Chiral approach to nuclear matter: Role of explicit short-range NN-terms

S. Fritsch; N. Kaiser

doi:10.1140/epja/i2003-10179-x

2023 Impact factor 2.6

Hadrons and Nuclei

Eur. Phys. J. A (2004) 21: 117-131
https://doi.org/10.1140/epja/i2003-10179-x

Chiral approach to nuclear matter: Role of explicit short-range NN-terms

S. Fritsch¹^,2 and N. Kaiser¹^*

¹ Physik Department T39, Technische Universität München, D-85747, Garching, Germany
² ECT*, I-38050, Villazzano (Trento), Italy

^* e-mail: nkaiser@ph.tum.de

Abstract

We extend a recent chiral approach to nuclear matter by including the most general (momentum-independent) NN-contact interaction. Iterating this two-parameter contact vertex with itself and with one-pion exchange the emerging energy per particle exhausts all terms possible up to and including fourth order in the small momentum expansion. Two (isospin-dependent) cut-offs $\Lambda_{0,1}$ are introduced to regularize the (linear) divergences of some three-loop in-medium diagrams. The equation of state of pure neutron matter, $\bar E_n(k_n)$ , can be reproduced very well up to quite high neutron densities of $\rho_n = 0.5 \mathrm{fm}^{-3}$ by adjusting the strength of a repulsive nn-contact interaction. Binding and saturation of isospin-symmetric nuclear matter is a generic feature of our perturbative calculation. Fixing the maximum binding energy per particle to $-\bar E(k_{f0}) = 15.3$ MeV we find that any possible equilibrium density $\rho_0$ lies below $\rho_0^{\rm max} = 0.191 \mathrm{fm}^{-3}$ . The additional constraint from the neutron matter equation of state leads however to a somewhat too low saturation density of $\rho_0 = 0.134 \mathrm{fm}^{-3}$ . We also investigate the effects of the NN-contact interaction on the complex single-particle potential U(p,k _f) + i W(p,k _f). We find that the effective nucleon mass at the Fermi surface is bounded from below by $M^*(k_{f0}) \geq 1.4 M$ . This property keeps the critical temperature of the liquid-gas phase transition at somewhat too high values $T_{\rm c} \geq 21$ MeV. The downward bending of the asymmetry energy A(k _f) above nuclear-matter saturation density is a generic feature of theapproximation to fourth order.

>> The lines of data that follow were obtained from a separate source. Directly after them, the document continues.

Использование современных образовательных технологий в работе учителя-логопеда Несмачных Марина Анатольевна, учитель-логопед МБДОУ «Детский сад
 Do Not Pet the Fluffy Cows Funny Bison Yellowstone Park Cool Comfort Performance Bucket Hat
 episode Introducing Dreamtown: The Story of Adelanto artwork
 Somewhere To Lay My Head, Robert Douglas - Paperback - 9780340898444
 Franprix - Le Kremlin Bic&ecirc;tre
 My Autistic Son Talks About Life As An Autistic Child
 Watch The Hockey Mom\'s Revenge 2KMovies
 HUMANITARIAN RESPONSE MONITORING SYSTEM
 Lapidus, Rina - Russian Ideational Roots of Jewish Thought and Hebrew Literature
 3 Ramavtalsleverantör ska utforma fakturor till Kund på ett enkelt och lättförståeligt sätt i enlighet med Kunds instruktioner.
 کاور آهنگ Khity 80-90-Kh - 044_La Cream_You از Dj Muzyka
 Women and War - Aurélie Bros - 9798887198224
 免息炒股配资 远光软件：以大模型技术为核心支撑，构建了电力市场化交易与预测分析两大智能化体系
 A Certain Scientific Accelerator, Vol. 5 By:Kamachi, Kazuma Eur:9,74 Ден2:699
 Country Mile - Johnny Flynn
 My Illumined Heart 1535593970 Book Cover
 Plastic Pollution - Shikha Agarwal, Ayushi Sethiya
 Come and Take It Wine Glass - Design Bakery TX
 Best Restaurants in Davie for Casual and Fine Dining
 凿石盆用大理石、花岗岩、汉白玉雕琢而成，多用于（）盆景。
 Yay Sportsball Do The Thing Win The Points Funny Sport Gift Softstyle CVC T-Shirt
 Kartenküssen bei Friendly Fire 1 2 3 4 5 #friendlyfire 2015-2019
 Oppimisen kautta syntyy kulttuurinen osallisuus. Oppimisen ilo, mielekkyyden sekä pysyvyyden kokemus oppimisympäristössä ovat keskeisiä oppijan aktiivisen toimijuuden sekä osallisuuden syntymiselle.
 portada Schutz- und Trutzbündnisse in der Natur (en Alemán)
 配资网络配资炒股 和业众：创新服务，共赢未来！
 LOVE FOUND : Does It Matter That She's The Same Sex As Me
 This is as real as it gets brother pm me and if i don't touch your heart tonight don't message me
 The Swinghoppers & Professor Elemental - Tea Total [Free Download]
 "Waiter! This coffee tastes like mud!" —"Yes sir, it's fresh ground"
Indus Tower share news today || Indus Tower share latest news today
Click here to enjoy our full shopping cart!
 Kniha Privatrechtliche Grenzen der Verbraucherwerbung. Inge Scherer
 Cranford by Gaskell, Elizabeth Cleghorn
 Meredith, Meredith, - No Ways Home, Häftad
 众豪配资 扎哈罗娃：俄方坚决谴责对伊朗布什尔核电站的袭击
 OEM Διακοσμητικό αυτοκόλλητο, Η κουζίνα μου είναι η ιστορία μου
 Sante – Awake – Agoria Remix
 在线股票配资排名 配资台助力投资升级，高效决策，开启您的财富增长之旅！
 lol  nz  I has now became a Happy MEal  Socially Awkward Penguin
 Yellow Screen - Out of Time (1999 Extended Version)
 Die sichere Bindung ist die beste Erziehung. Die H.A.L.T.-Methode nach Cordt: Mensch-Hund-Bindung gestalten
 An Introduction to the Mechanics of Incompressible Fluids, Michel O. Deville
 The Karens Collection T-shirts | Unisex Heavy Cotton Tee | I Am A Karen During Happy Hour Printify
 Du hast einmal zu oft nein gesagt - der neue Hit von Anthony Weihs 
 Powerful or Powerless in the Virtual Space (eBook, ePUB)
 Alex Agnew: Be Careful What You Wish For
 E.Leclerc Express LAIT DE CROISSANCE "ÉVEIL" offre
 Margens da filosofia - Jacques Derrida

We furthermore investigate the effects of the NN-contact interaction on the $(\mathop{\nabla}\limits^{\to} \rho)^2$ -term in the nuclear energy density functional ${\cal E}[\rho,\tau]$ . Altogether, there is within this complete fourth-order calculation no “magic” set of adjustable short-range parameters with which one could reproduce simultaneously and accurately all semi-empirical properties of nuclear matter. In particular, the conditions for a good neutron matter equation of state and for good single-particle properties are mutually exclusive.